俺は、周囲を見回した。何人もいる。同じ顔の少女たちが。


「やはり……覚えていないのか」


問いは、独り言に近かった。


——当然だ。


彼女たちは、覚えていてはいけない。


ここに来る前に、神殿で、初期化されている。それが、聖国のやり方。


聖女様が出て行ったあと、現れた神殿研究官から聞いた。


『元神殿研究官だ。今は……ここを管理する係だよ』


『研究官?』


男は苦く笑っていた。


『君が見ているものを作った側の人間だ』


一瞬、血が逆流するのを感じた。だが、身体は動かないでいた。封印が、怒りすら抑えていた。


『彼女たちは、量産品であり複製品だ。正確には、候補だったものだ』


『……候補?』


『聖女の、だ』


言葉が、落ちた。


『聖国自身はね、奇跡を待たないんだ。神への適合が高い者が、偶然生まれるのを期待しない』


男は淡々と続けていた。


『だから、作る。同じ素質を持つ子を、何人も、何十人も。複製体をね』


『作られた者たちはどうなる? ……そうか、孤児院、教会』


『修道院だよ。信仰を教え、祈りを教え、従順さを教える。その中で、最も神とつながる者を選ぶ。

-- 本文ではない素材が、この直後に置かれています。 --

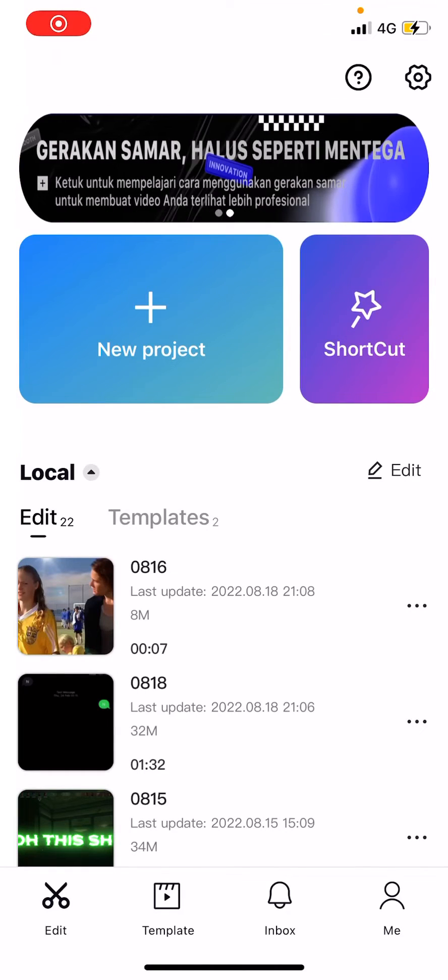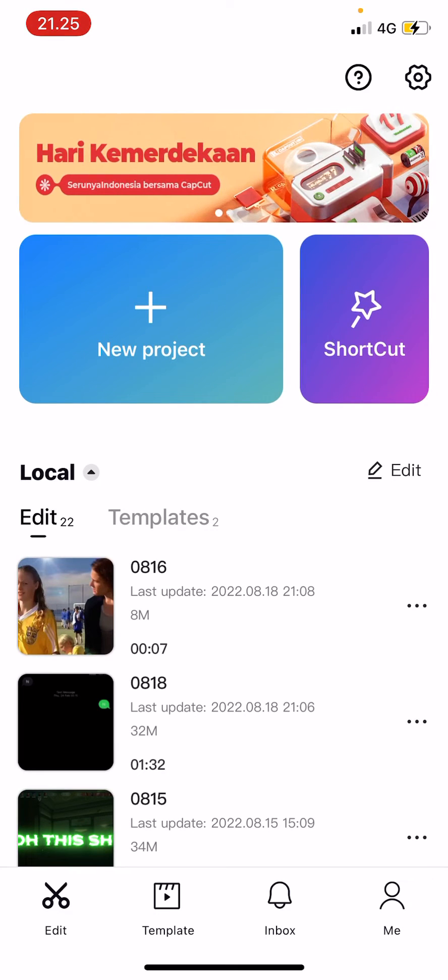Hey guys, and welcome back to this channel. In this video, I'll be showing you how you can increase the volume of your video in CapCut.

適合が進んだものだ』


『選ばれなかった者は?』


男は、少し黙った。それから、視線を逸らした。


『……初期化され、こうなる』


俺は周囲を見回した。処理待ち。肉の人形。


『彼女たちは、あとはこの国の経済を支える貴族の欲望を抑えるために売られ、数々の実験体になり、次世代の聖女を配合するための材料となる。その時に記憶や人格など邪魔でしかない』


『……鬼畜の所業だ』


『……俺も、そう思ったよ。一度でもそう思ったから、俺はここに飛ばされたんだろう。だけれども、上の者たちは、秩序を守るためだと、さ。神が認めているんだ』


『……』


制度。

秩序。

神の理。


なんだこれは……?

聖女様、……いや、神が正しいのだと思った。

だが、これは何だ? 正しいからと、何をしてもよいのか?


「……」


俺は、床に膝をついた。


ここで初めて、

胸の奥に、重たい理解が沈んでいく。


——俺は、特別ではない。

——初めから選ばれていたわけでもいない。

俺がシスターに育てられていたのは、「候補」だったからではない。

ただの、孤児だったからだ。神に選別される以前の問題で、無数に存在する、不要な存在。

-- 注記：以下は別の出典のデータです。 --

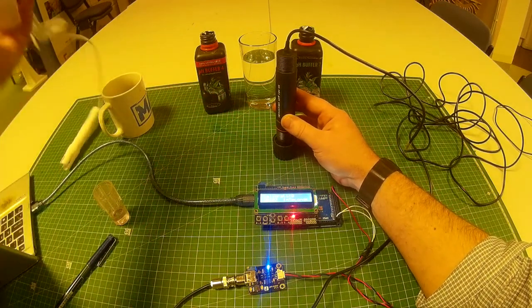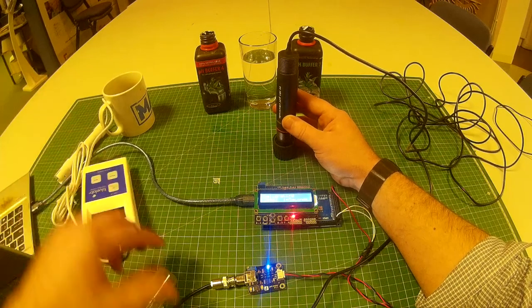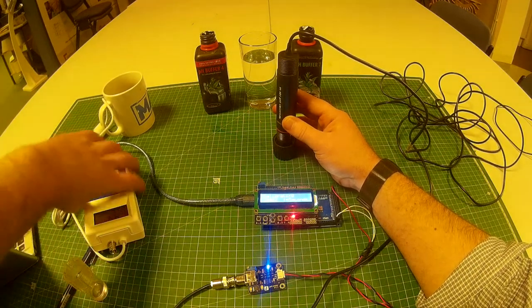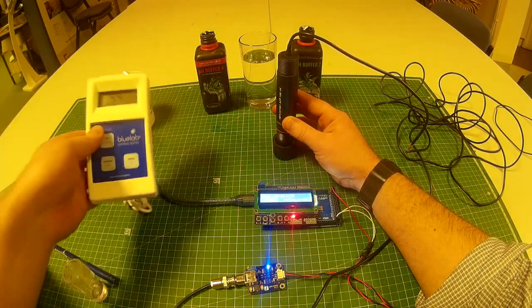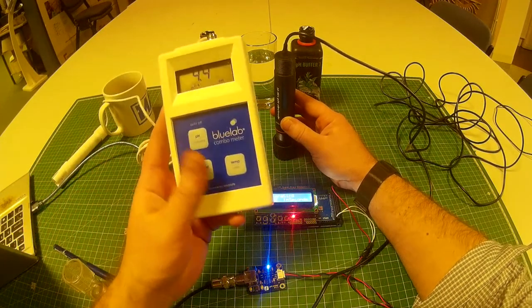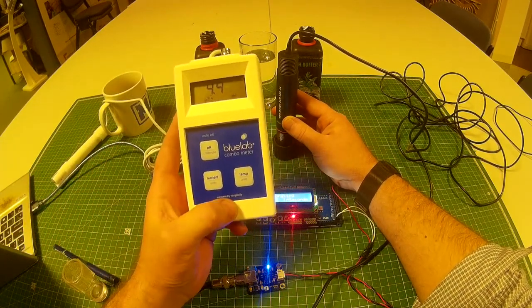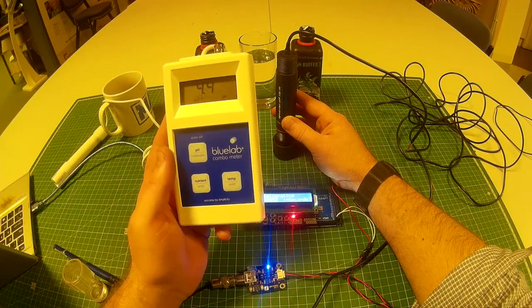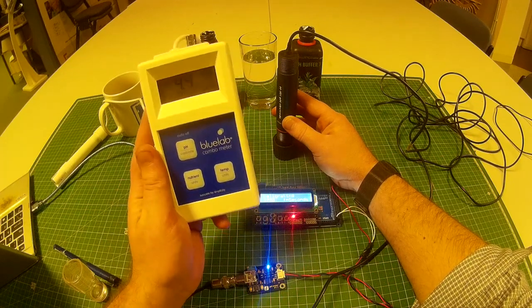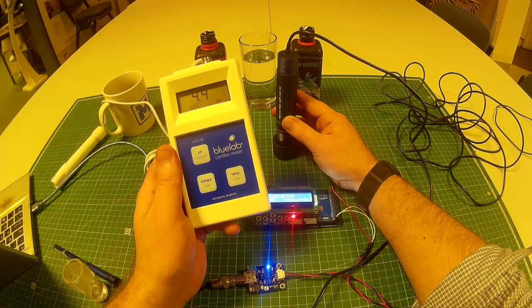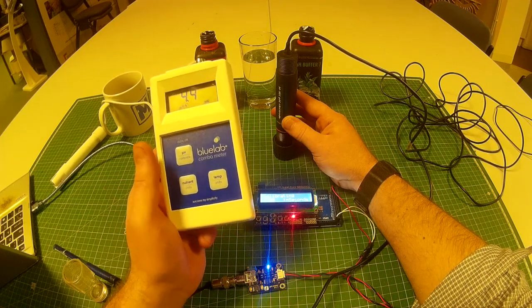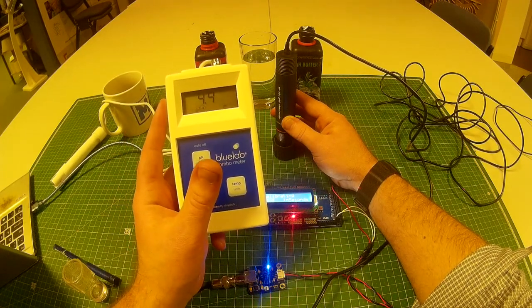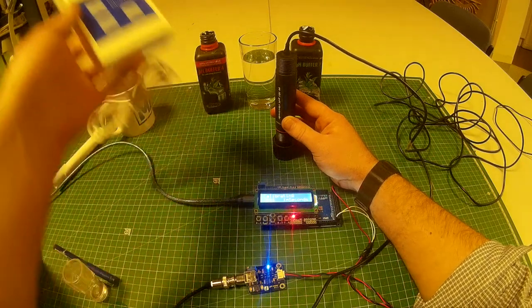Just while we've got a bit of time now actually, I'll talk about how accurate it is. This is quite an expensive pH meter from Blue Labs. And in comparison they show the same results, just as accurate. This doesn't have the capabilities for testing probe health unfortunately.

だが、その何でもないようなちっぽけな存在だからこそ、愛されていたのだと気づく。


処理される対象でもなく、利用されるべく育てられた存在でもなく、ただ——無関係。

本当の意味で、『選ばれた』という意味を知る。この世界で『選ばれなかった』という残虐さを知る。

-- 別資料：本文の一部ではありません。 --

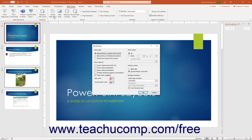To select the type of presentation, choose the correct delivery type option button under the Show Type section, then set some of the following options to match the delivery style selected. To enable or disable the presentation options, check or uncheck the desired presentation option checkboxes in the Show Options section.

『選ばれなかった』という運に恵まれたな俺は、何をシスターに与えることができた? 報いることができた?

それが、最も残酷だった。

俺に生き方を教えてくれた、シスターに、俺は、そんな過酷な運命のシスターにただ与えてもらうだけで、何を返せた?

そして、聖女様に、何と厚顔無恥なことを……。



「……」


そのときだった。


少女の一人が、わずかに首を傾げた。


「……あなた」


掠れた声。

だが、確かに、俺に向けられている。


「……どこかで」


心臓が、跳ねた。


「……見た、気がする」


少女の瞳が、揺れる。

そこに、一瞬だけ——感情が宿った。


「……あの」


言葉を探している。必死に。


「……祈りを……」


喉が、締めつけられる。


——思い出したのか。


いや、違う。

記憶が蘇ったのではない。


神への適合が高いからだ。神殿研究官の言葉を思い出す。神への適合が高いものは真理に近づく。適合率が高いもの同士が記憶を共有することがまれにある。真理が過去に、到達すると。

聖女様と同じ。

神の理に、わずかに近いものだからこそ。


だから、初期化の向こう側から、欠片が浮かび上がった。


「……歌」


少女が呟いた。


「……夜、……静かな……」


俺は、目を閉じた。


——歌っていた。


眠れない夜。俺が体調を崩した夜。

シスターは、静かに賛歌を歌ってくれた。


それは、信仰のためではない。

ただ、子供を安心させるための、子守歌だった。


「……」


少女の呼吸が、浅い。


身体は、痩せ細っている。

指先が、冷たい。


——実験。


神殿研究官の言葉が、脳裏をよぎる。


「……あなたは」


俺は、ゆっくりと口を開いた。


「……あなたは、何も悪くないっ! あなたはただ誰かの幸せを願っただけだ。誰かに優しさを与えただけだ。誰かに生きる意味を与えようとしてくれただけだ。こんな、こんなひどい目に合う理由など、何一つ……」


言葉は、届かないかもしれない。目の前のシスターではない『シスター』に俺は言い続ける。言っても無駄だとわかっていた。

それでも、言わずにはいられなかった。


少女は、微かに笑った。


「……よく、わからない」


当然だ。理解できるはずがない。


彼女は、知らされていない。


自分が何者か。

なぜここにいるのか。

なぜ、身体が壊れかけているのか。


それは——

神から、直接告げられる。


処理の直前に。


そして、精神は初期化される。

恐怖も、疑問も、怒りも、すべて消される。


「……」


俺は、その事実に、ようやく辿り着いた。


——善意で育てられ、善意で相手を育て。

——知らぬまま連れてこられ。

——自分の使命を達成する前に壊される。


それが、ここにいるシスターたちのすべてだ。


「……」


俺は、少女の手を握った。


拒まれなかった。少しだけつかみ返してくれた。


その夜、俺は眠らなかった。


少女のそばに座り、

呼吸が続いていることを、確かめ続けた。


原風景が、胸を満たす。


祈りの言葉。

朝の鐘。

食事の匂い。


——それらは、嘘ではなかった。


だが、意味は与えられていなかった。


ここで、ようやく本当の意味で理解する。


神は、人を救わない。

これが、秩序だ。


俺は、少女たちの中に座り込み、

静かに思った。


——正しい世界は、

——ここまで、人を空っぽにできる。


だが、その正しさを、俺はまだ、完全には否定できていない。加護を失った人々、そして聖女様の過去が心の中にある。


それが、何よりも——俺を絶望させていた。